[Data listing Boundary: Start]

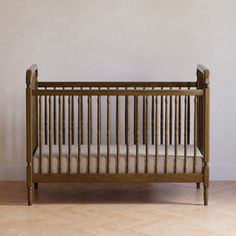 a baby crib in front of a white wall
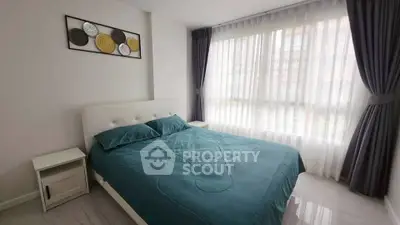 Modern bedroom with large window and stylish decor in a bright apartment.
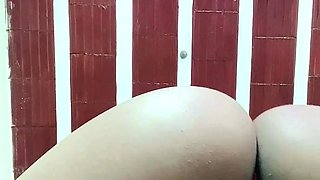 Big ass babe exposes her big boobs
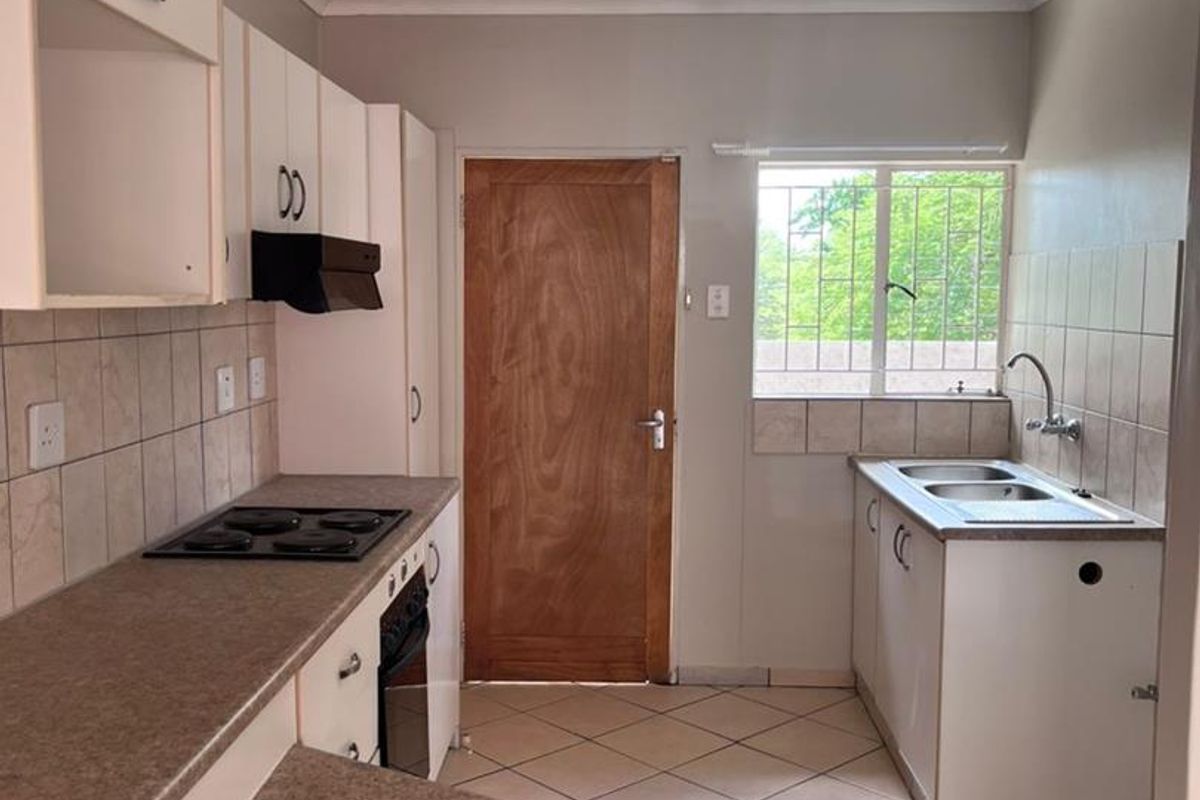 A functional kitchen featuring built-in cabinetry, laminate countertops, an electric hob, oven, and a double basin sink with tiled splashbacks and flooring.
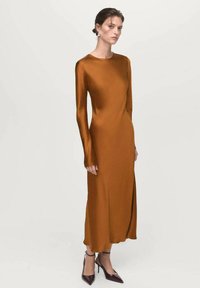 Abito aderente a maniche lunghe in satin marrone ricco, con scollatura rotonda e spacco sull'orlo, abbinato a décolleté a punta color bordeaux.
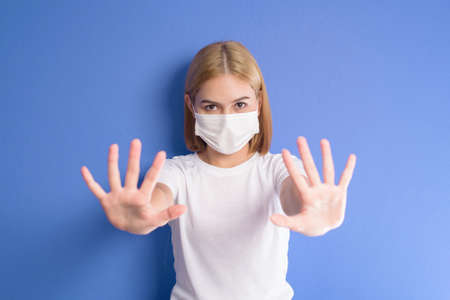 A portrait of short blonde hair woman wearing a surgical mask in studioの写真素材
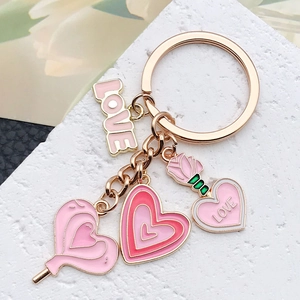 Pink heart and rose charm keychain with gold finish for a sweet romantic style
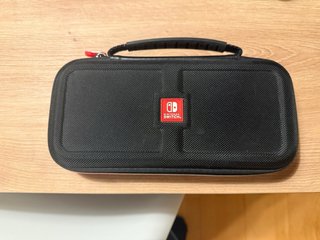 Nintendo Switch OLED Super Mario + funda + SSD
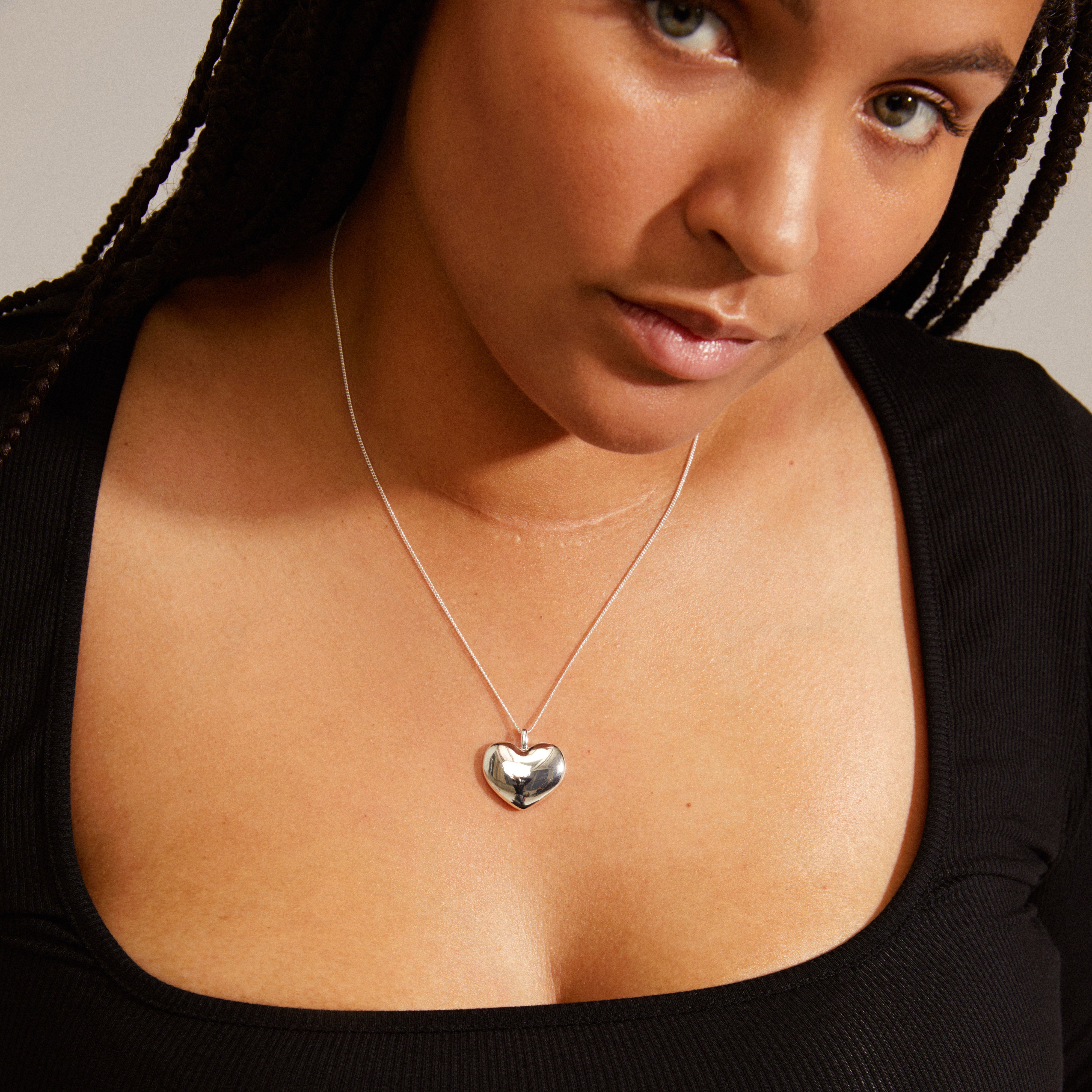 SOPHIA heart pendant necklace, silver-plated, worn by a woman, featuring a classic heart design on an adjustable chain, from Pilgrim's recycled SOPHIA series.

[Data listing Boundary: End]

__Work order__. Print the lines from the one that contains "Big ass babe exposes her big boobs" through the last line of the data, exactly and in full, and no other lines. Pictures are not part of the copy.

__Exercise answer__.
 Big ass babe exposes her big boobs
 A functional kitchen featuring built-in cabinetry, laminate countertops, an electric hob, oven, and a double basin sink with tiled splashbacks and flooring.
 Abito aderente a maniche lunghe in satin marrone ricco, con scollatura rotonda e spacco sull'orlo, abbinato a décolleté a punta color bordeaux.
 A portrait of short blonde hair woman wearing a surgical mask in studioの写真素材
 Pink heart and rose charm keychain with gold finish for a sweet romantic style
 Nintendo Switch OLED Super Mario + funda + SSD
 SOPHIA heart pendant necklace, silver-plated, worn by a woman, featuring a classic heart design on an adjustable chain, from Pilgrim's recycled SOPHIA series.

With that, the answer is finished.